Alors si l’on veut réinventer la notion de parcours, faisons-le correctement et ensemble, monde politique et acteurs de terrain.
Car entrer dans une dynamique “intégrée”, ce n’est pas un simple changement de vocabulaire. C’est un changement de culture. Cela exige que chaque acteur prenne le temps de se concerter et se coordonner avec les autres afin de répondre au mieux aux besoins des demandeurs d’emploi. Ce travail déjà bien entamé doit pouvoir se poursuivre : reconnaître et articuler au mieux les complémentarités entre opérateurs.
La place des CISP doit être reconnue.
Pourquoi devons-nous justifier que nous ne faisons pas “que” du préqualifiant ? Pourquoi devons-nous encore et toujours défendre notre approche holistique qui travaille tout autant à l’acquisition et au renforcement des compétences qu’à la levée des freins à l’emploi ? Pourquoi devons-nous sans cesse réexpliquer notre expertise ? Quand va-t-on enfin nous reconnaître comme un acteur de proximité de l’inclusion socioprofessionnelle ?
Nous sommes des acteurs de confiance. Nous sommes des acteurs qui articulons projet professionnel et besoins du marché du travail. Nous sommes des acteurs qui offrons une réponse intégrée aux défis de l’insertion.
Plutôt que de réinventer la roue, nous aimerions qu’on fasse appel à notre expertise et à notre expérience pour construire ensemble.

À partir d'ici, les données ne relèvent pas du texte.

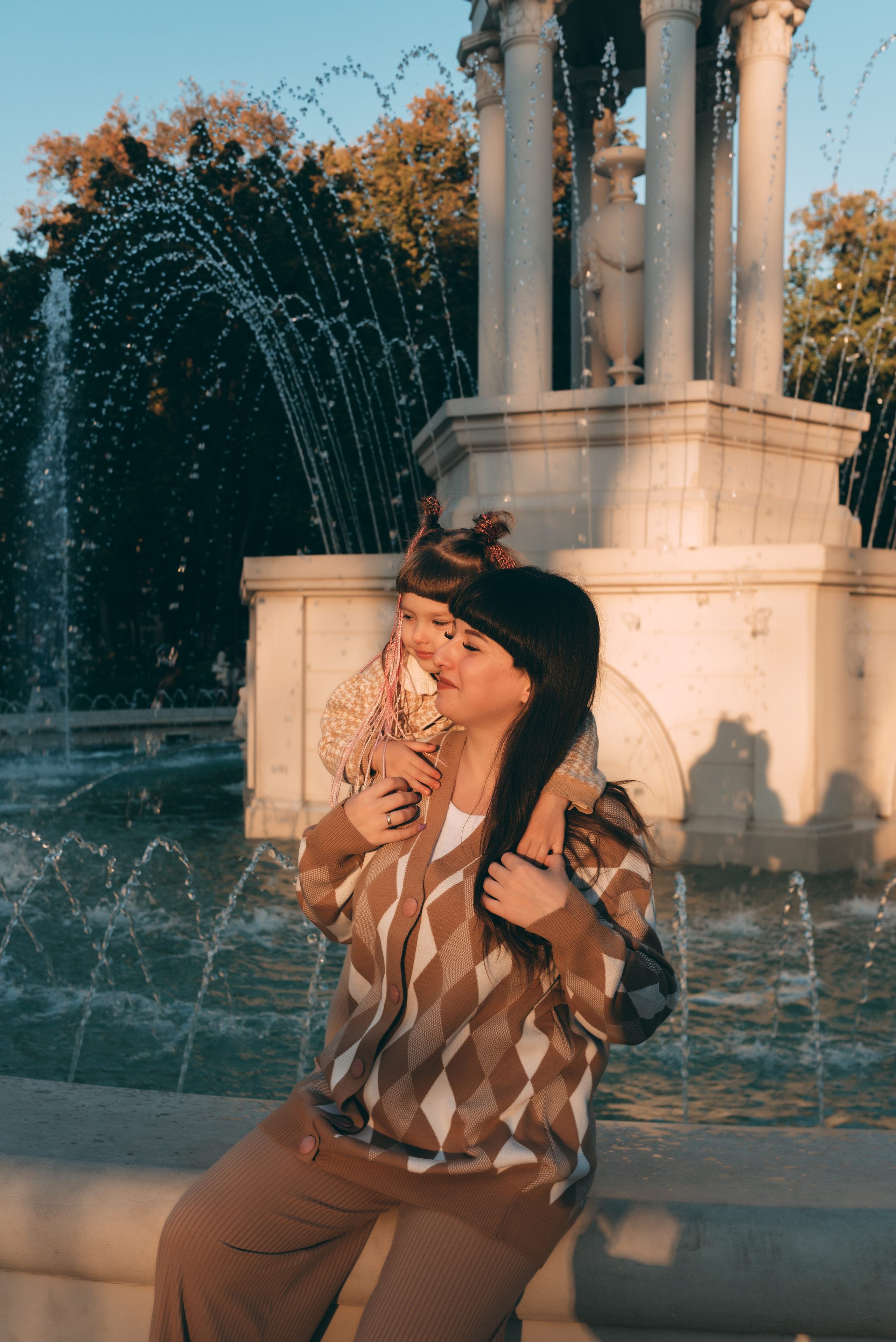 Кристина и Злата. Свадебный и семейный фотограф в Воронеже Ксения Воротникова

Car, pendant ce temps, les enjeux sociaux et sociétaux s’accumulent : l’accueil de nouveaux publics, la détérioration de la santé mentale, la crise du logement, les problèmes d’accès à la mobilité, la fracture numérique, la précarisation galopante…
Autant de défis qui exigent coordination, intelligence collective, et reconnaissance mutuelle.
Aujourd’hui, le dialogue avec le gouvernement wallon est difficile. Les CISP sont caricaturés, pas concertés, pas écoutés. Les mesures sont imposées d’en haut, alors que nous sommes en attente d’un travail collectif et respectueux, qui permet aux acteurs de coconstruire sereinement ce parcours intégré, dans une démarche d’amélioration continue et de reconnaissance des plus-values de chacun.